■ The task
Exact copies of all the lines below are needed, without the pictures.

■ Available data
[Start of Attachment]
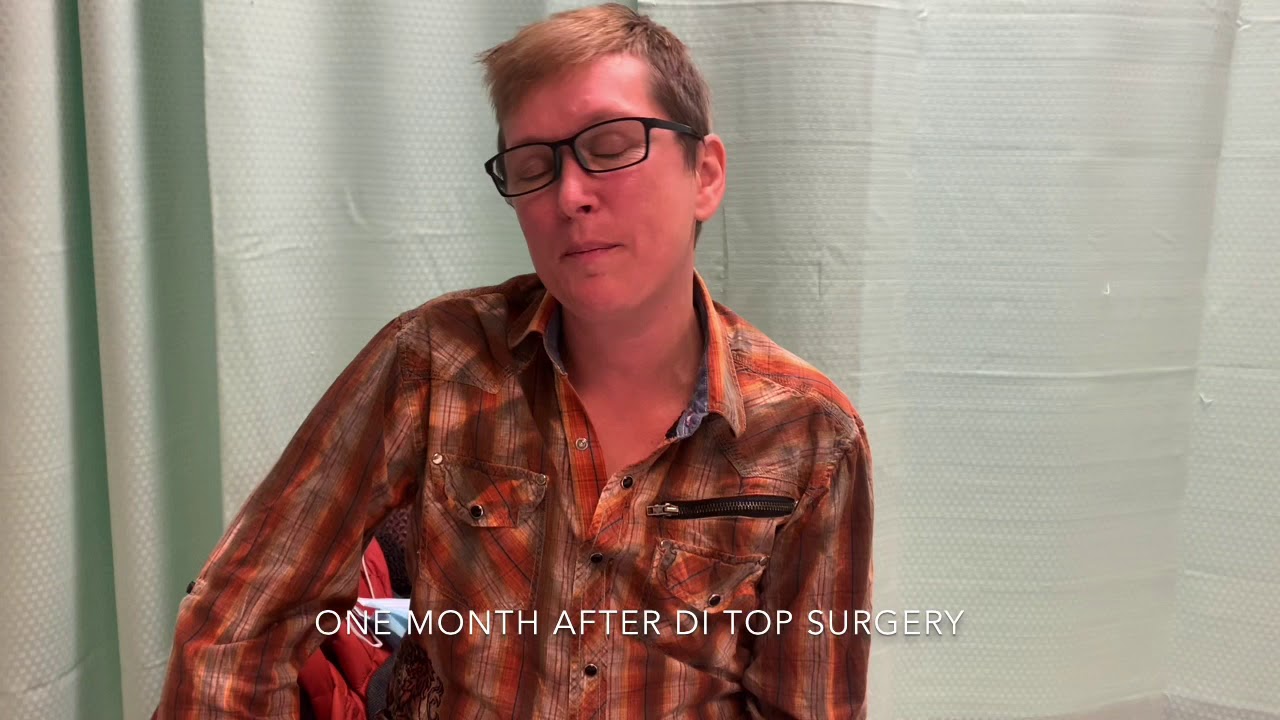 Temporary swelling/ seroma after FTM double incision top surgery with Dr Mckee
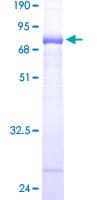 Human PHKG1 Protein (Recombinant GST)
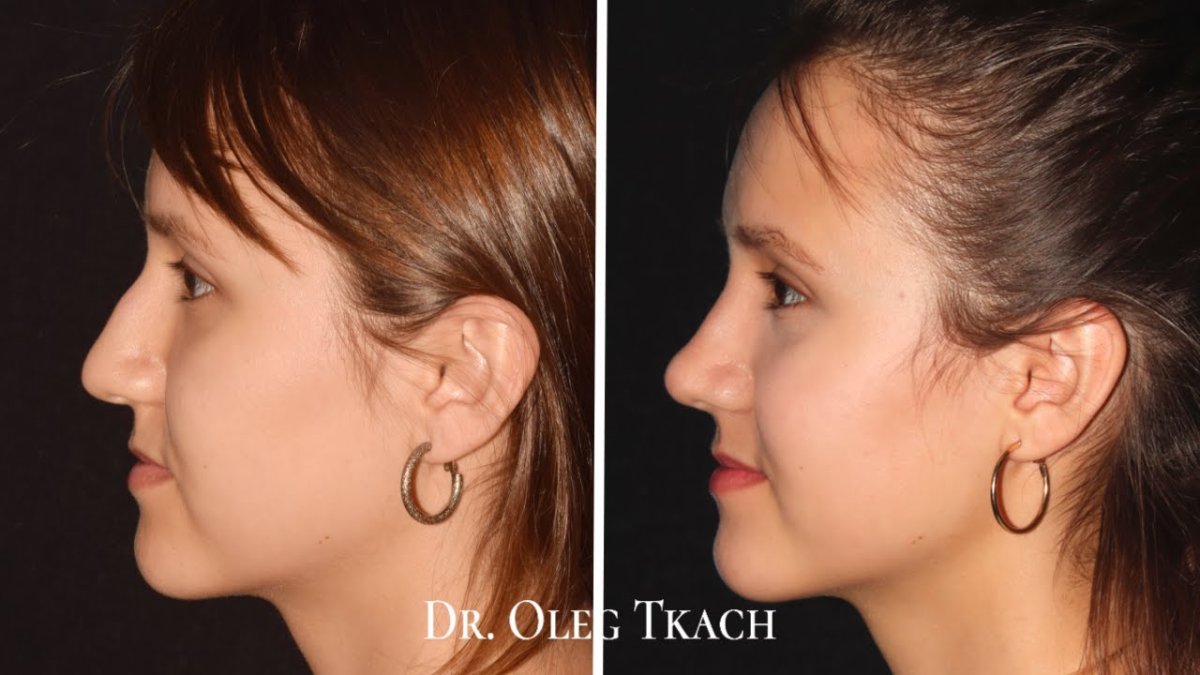 Длинный нос с горбинкой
[End of Attachment]
■ Written solution
 Temporary swelling/ seroma after FTM double incision top surgery with Dr Mckee
 Human PHKG1 Protein (Recombinant GST)
 Длинный нос с горбинкой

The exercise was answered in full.